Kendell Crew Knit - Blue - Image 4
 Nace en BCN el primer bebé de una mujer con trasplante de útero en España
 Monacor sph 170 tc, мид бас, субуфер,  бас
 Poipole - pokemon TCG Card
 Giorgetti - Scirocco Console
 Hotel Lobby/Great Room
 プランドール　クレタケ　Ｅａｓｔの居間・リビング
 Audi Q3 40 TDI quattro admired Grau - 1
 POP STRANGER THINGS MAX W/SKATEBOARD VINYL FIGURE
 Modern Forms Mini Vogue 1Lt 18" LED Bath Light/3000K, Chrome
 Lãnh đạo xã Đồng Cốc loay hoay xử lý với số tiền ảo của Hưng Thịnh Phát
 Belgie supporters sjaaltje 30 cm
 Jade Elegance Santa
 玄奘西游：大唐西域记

___

### Work to complete
I need exact copies of the lines from the one holding "Audi Q3 40 TDI quattro admired Grau - 1" through the end of the records above, and nothing beyond them.

### Answer to the problem
 Audi Q3 40 TDI quattro admired Grau - 1
 POP STRANGER THINGS MAX W/SKATEBOARD VINYL FIGURE
 Modern Forms Mini Vogue 1Lt 18" LED Bath Light/3000K, Chrome
 Lãnh đạo xã Đồng Cốc loay hoay xử lý với số tiền ảo của Hưng Thịnh Phát
 Belgie supporters sjaaltje 30 cm
 Jade Elegance Santa
 玄奘西游：大唐西域记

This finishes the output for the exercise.